+++ Records provided

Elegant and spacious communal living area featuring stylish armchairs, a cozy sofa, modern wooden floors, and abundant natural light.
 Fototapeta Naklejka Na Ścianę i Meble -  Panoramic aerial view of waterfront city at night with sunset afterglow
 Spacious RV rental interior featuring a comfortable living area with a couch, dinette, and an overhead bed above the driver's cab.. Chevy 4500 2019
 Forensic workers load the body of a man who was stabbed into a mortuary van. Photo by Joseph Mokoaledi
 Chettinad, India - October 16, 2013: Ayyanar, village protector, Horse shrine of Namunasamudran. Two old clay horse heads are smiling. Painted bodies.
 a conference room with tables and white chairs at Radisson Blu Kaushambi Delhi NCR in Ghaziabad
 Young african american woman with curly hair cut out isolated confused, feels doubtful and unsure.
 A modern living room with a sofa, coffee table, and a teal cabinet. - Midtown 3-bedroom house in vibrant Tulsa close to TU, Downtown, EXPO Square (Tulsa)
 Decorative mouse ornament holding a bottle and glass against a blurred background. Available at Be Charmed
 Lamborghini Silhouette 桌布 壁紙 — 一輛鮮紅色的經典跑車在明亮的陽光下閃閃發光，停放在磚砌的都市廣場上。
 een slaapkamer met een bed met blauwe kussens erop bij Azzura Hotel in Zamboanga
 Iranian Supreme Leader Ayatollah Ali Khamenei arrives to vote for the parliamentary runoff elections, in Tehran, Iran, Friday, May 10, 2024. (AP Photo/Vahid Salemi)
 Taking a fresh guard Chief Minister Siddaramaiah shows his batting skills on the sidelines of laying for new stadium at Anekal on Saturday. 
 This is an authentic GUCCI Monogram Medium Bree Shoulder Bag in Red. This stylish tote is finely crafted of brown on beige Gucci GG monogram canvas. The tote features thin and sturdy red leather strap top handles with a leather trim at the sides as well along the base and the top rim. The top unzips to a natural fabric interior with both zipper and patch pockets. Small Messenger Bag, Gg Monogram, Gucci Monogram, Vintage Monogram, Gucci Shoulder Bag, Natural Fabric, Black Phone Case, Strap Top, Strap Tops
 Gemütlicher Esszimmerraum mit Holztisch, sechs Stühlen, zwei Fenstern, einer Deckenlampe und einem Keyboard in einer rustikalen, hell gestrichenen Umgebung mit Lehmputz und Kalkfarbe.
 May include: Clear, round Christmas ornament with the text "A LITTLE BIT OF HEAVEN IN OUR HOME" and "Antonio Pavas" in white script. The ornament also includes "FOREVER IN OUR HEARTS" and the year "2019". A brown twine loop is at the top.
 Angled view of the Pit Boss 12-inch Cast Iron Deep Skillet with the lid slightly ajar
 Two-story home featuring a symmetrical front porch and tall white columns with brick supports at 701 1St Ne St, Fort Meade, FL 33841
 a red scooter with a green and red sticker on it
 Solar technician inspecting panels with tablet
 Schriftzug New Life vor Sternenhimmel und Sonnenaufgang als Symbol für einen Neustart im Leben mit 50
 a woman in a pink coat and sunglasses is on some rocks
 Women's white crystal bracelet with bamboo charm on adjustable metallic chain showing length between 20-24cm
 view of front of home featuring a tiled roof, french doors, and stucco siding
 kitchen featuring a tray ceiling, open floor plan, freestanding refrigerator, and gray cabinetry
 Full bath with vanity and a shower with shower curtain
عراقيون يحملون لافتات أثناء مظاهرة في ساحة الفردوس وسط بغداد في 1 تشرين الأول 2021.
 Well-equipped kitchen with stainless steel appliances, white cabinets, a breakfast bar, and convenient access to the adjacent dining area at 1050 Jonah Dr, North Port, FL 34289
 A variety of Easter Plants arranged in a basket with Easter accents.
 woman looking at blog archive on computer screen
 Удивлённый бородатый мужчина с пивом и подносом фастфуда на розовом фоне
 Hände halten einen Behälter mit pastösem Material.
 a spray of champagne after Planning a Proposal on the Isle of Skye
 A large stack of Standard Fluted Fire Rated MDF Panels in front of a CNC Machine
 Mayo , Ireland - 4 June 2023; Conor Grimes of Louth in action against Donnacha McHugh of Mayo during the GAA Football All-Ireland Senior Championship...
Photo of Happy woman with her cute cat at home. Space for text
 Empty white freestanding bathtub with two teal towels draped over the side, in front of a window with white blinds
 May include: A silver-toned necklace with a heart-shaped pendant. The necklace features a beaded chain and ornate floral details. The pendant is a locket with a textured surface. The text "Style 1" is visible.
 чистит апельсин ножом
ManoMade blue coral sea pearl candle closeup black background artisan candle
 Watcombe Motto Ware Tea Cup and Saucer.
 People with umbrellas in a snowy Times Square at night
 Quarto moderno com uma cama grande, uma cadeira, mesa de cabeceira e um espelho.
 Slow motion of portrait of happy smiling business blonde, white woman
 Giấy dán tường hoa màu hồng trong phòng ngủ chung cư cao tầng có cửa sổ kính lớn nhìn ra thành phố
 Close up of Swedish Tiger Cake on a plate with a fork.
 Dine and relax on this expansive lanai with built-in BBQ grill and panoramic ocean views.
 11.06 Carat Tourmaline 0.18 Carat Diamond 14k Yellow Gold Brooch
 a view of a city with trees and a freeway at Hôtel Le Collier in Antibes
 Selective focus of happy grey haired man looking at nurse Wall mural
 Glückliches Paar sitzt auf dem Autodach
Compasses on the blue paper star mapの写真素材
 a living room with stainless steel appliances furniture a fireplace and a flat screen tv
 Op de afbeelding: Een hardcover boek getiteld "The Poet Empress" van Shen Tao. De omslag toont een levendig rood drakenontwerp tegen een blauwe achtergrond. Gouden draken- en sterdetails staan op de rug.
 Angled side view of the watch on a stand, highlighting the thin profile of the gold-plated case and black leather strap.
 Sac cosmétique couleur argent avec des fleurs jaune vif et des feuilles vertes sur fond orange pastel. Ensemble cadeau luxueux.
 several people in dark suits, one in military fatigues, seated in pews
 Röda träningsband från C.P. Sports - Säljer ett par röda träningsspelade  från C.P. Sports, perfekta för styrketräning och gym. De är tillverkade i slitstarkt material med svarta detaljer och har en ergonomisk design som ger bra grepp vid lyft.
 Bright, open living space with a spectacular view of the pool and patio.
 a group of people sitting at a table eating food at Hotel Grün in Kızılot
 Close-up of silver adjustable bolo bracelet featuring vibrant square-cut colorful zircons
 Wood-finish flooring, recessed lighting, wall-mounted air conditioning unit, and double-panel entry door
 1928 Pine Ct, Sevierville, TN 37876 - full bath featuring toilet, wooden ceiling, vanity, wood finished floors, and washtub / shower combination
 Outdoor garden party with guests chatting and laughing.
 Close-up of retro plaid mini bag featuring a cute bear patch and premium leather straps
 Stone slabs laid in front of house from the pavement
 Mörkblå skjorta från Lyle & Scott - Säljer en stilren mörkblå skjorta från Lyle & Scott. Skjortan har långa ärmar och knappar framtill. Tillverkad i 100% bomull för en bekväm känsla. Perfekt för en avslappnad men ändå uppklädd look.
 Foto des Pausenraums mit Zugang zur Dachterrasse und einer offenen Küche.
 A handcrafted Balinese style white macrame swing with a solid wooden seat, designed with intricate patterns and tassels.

++++++

◆ To do: Take the entries above and return only the lines from the one with "a living room" to the one with "Röda träningsband från", both included, unchanged.

◆ Task solution:
 a living room with stainless steel appliances furniture a fireplace and a flat screen tv
 Op de afbeelding: Een hardcover boek getiteld "The Poet Empress" van Shen Tao. De omslag toont een levendig rood drakenontwerp tegen een blauwe achtergrond. Gouden draken- en sterdetails staan op de rug.
 Angled side view of the watch on a stand, highlighting the thin profile of the gold-plated case and black leather strap.
 Sac cosmétique couleur argent avec des fleurs jaune vif et des feuilles vertes sur fond orange pastel. Ensemble cadeau luxueux.
 several people in dark suits, one in military fatigues, seated in pews
 Röda träningsband från C.P. Sports - Säljer ett par röda träningsspelade  från C.P. Sports, perfekta för styrketräning och gym. De är tillverkade i slitstarkt material med svarta detaljer och har en ergonomisk design som ger bra grepp vid lyft.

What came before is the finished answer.